## [EXERCISE AIM]
Your answer must be an exact copy of the entries below, with every picture removed.

## [Short web captions]
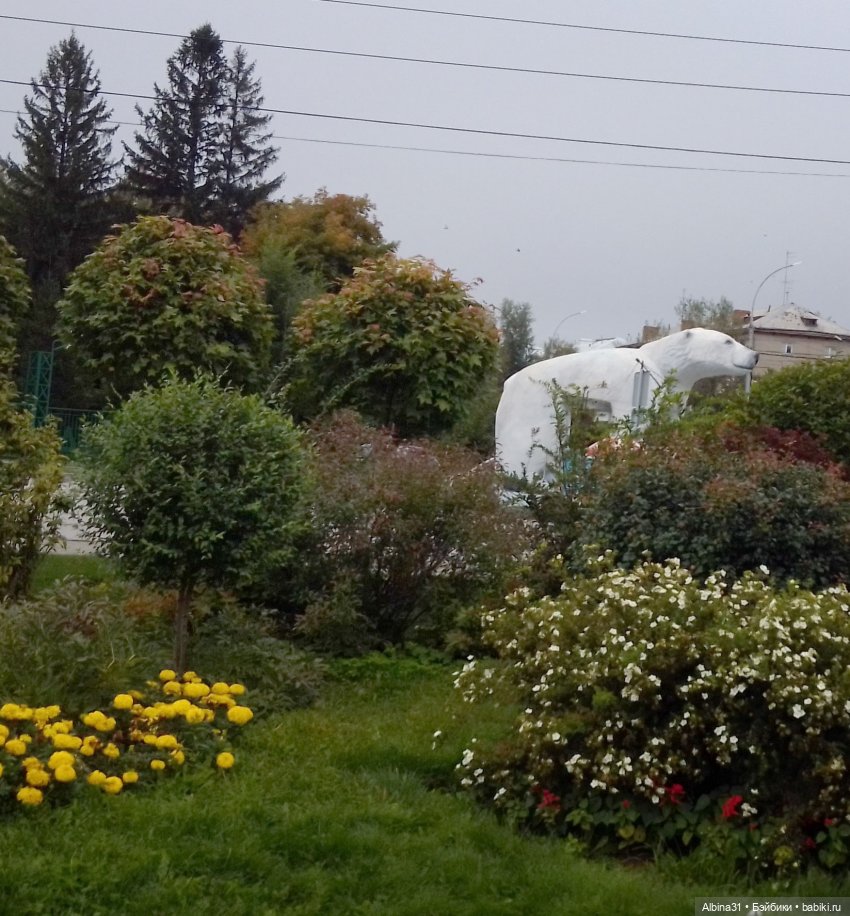 Зоопарк. Новосибирск. Сентябрь 2024 год (фото 2)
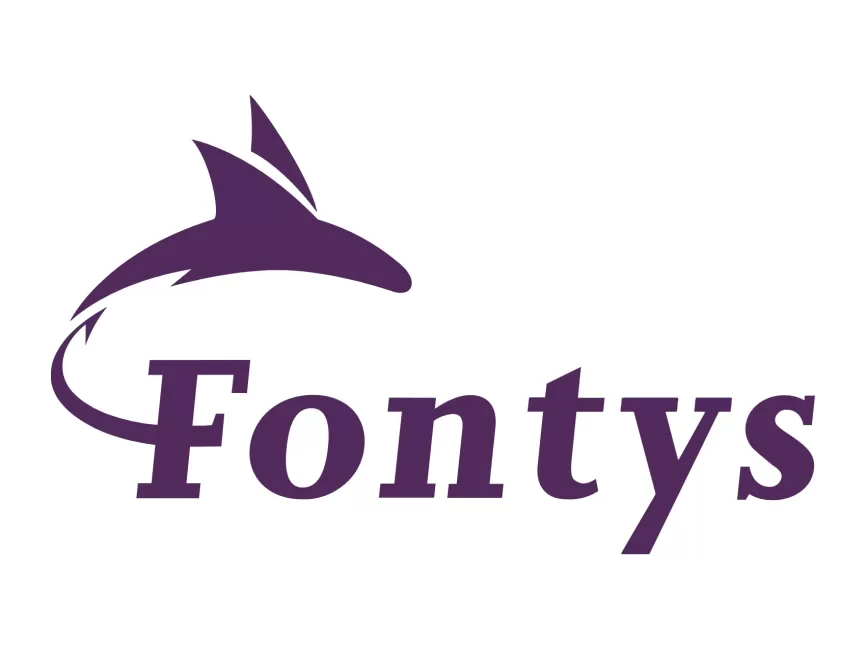 Scriptie nakijken Fontys Hogeschool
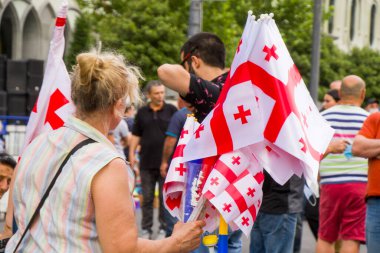 Gavrilov 'un Gürcistan' daki hükümet karşıtı protestolar sonrasında Gürcistan Parlamentosu önünde protesto gösterileri.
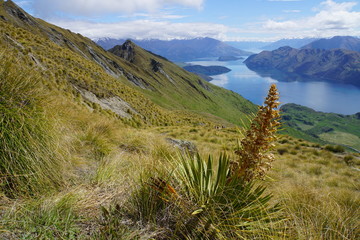 Lake Wanaka Bergbesteigung mit Blick auf den See 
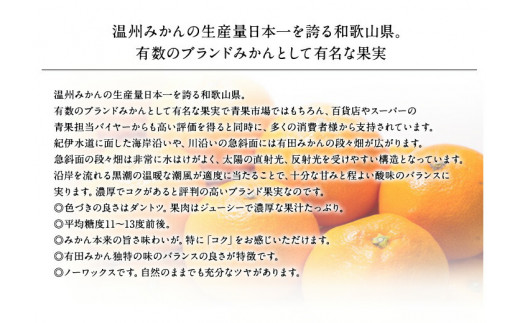 【予約受付】ブランド有田みかん　秀品5キロ サイズお任せ　※2024年10月下旬～2025年1月中旬頃発送予定（お届け日指定不可）　紀伊国屋文左衛門本舗/みかん蜜柑柑橘有田みかん果物フルーツ  【kmtb140】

## [RESULT BELOW]
 Зоопарк. Новосибирск. Сентябрь 2024 год (фото 2)
 Scriptie nakijken Fontys Hogeschool
 Gavrilov 'un Gürcistan' daki hükümet karşıtı protestolar sonrasında Gürcistan Parlamentosu önünde protesto gösterileri.
 Lake Wanaka Bergbesteigung mit Blick auf den See 
 【予約受付】ブランド有田みかん　秀品5キロ サイズお任せ　※2024年10月下旬～2025年1月中旬頃発送予定（お届け日指定不可）　紀伊国屋文左衛門本舗/みかん蜜柑柑橘有田みかん果物フルーツ  【kmtb140】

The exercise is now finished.